Wednesday, October 22, 2008

First Promise; by Ashapurna Debi.

This is the first part of a trilogy, about three generations of women at various stages of liberty of personhood.

This one is about the first generation well taught with education and values given by her father. She is married and has children of her own and they include a daughter, a piece of her own heart - she wishes to educate her as she was, give her all she can.

But this was well over a century ago and the families had different ideas often, and laws were archaic. And to make matters worse, child marriages were not only prevalent they had been the rule since Islamic rule over most of the nation made it extremely risky to have a grown up daughter, or transport a young bride to the bridegroom's home. It had been safer for a few centuries to marry off young girls, before they were anywhere near puberty. The new rule by British had not changed that.

Satyavatie's daughter, Suvarnalataa, was five, and Satyavatie had already made it clear she would not tolerate any talk of the child being married off until she was grown up and well educated, as she herself had been.

But the mother-in-law tricked her - when the child was on a holiday visiting the grandparents she was married off before the mother could arrive and prevent it. The child was small and it was not abnormal socially, so the trauma for her began only when she was then dispatched off with the new relatives to her own in-laws home, and separated from her own mother - who arrived too late to stop the wedding but early enough to see her daughter married - by force, and had to live with them and take the lifelong taunts from them about her mother and her strange behaviour.

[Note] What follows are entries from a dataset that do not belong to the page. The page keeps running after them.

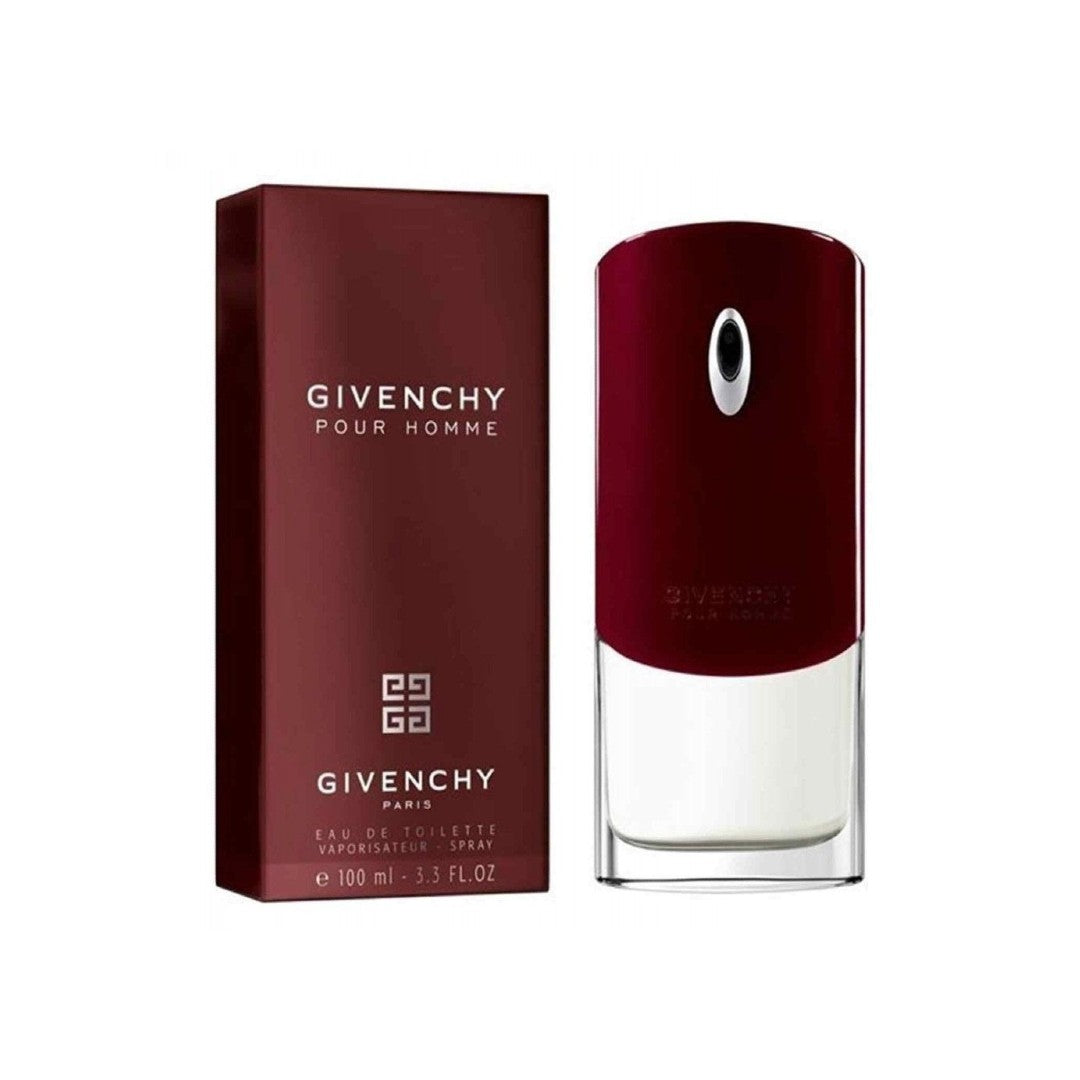 Givenchy Pour Homme Eau De Toilette For Men 100 ml - Medaid International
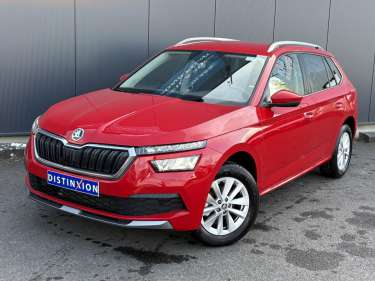 SKODA KAMIQ TSI 110 Ambition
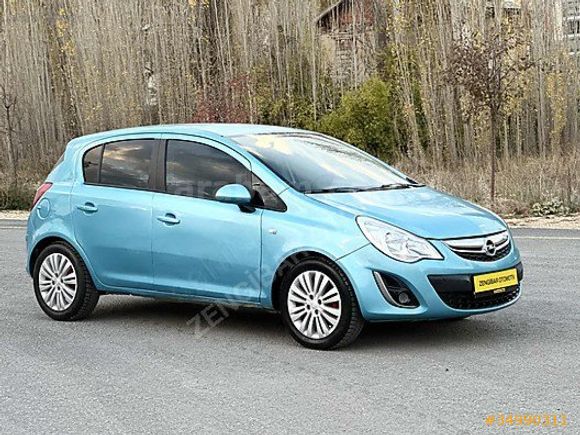 ZENGİBAR OTOMOTİV"DEN OPEL CORSA 1.3 DİZEL 242 BİN KM EMSALSİZZ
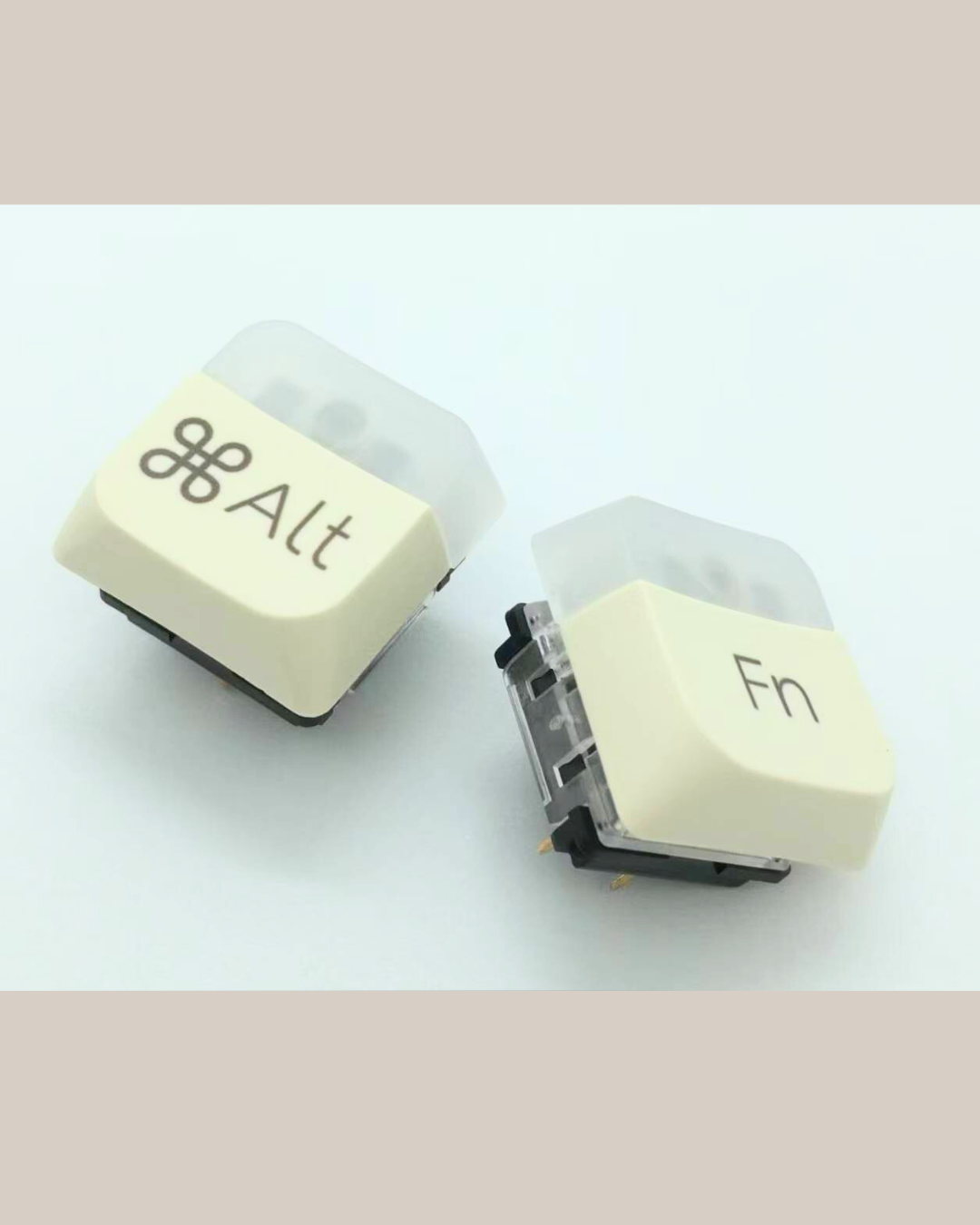 Hesper64(100) Dual-Action Keys Kit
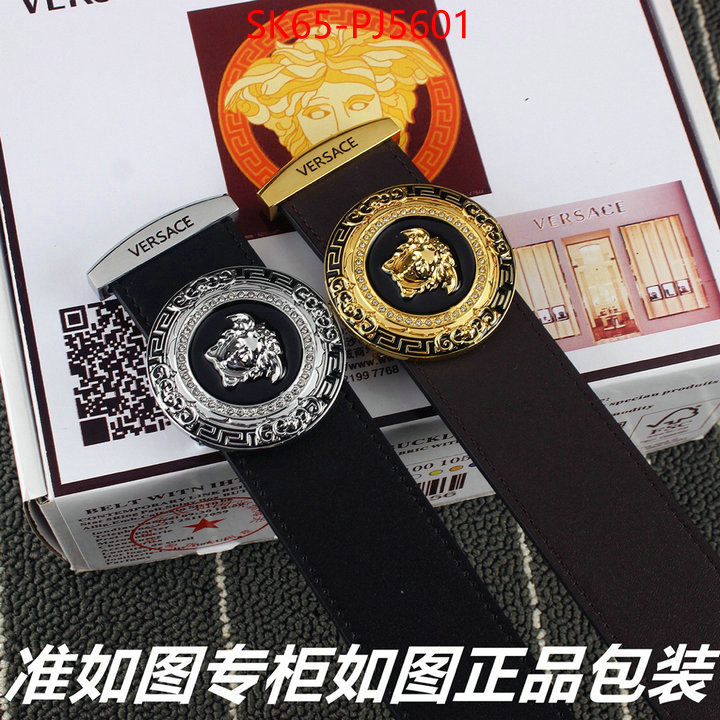 Belts-Versace ID: PJ5601 $: 65USD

The daughter, Suvarnalata, is the next volume in the series, in many ways the one who battled more and with courage and strength she had inherited from her own mother - even though she had so little a time with her and no education to speak of. She carried the mother's dream forth, with resolve, fighting not only her own mother-in-law and the rest of society, but even her own sons, who were on the side of social norms about marrying off the youngest - the third woman in the series.

It is really hard to put a value on the series, practically a chronicle of generations of women, though the pattern was not same for every family where India is concerned - it never is, in India.

Fortunately. Because that is what makes progress and evolution not only possible but easier, with no central authority conducting inquisition.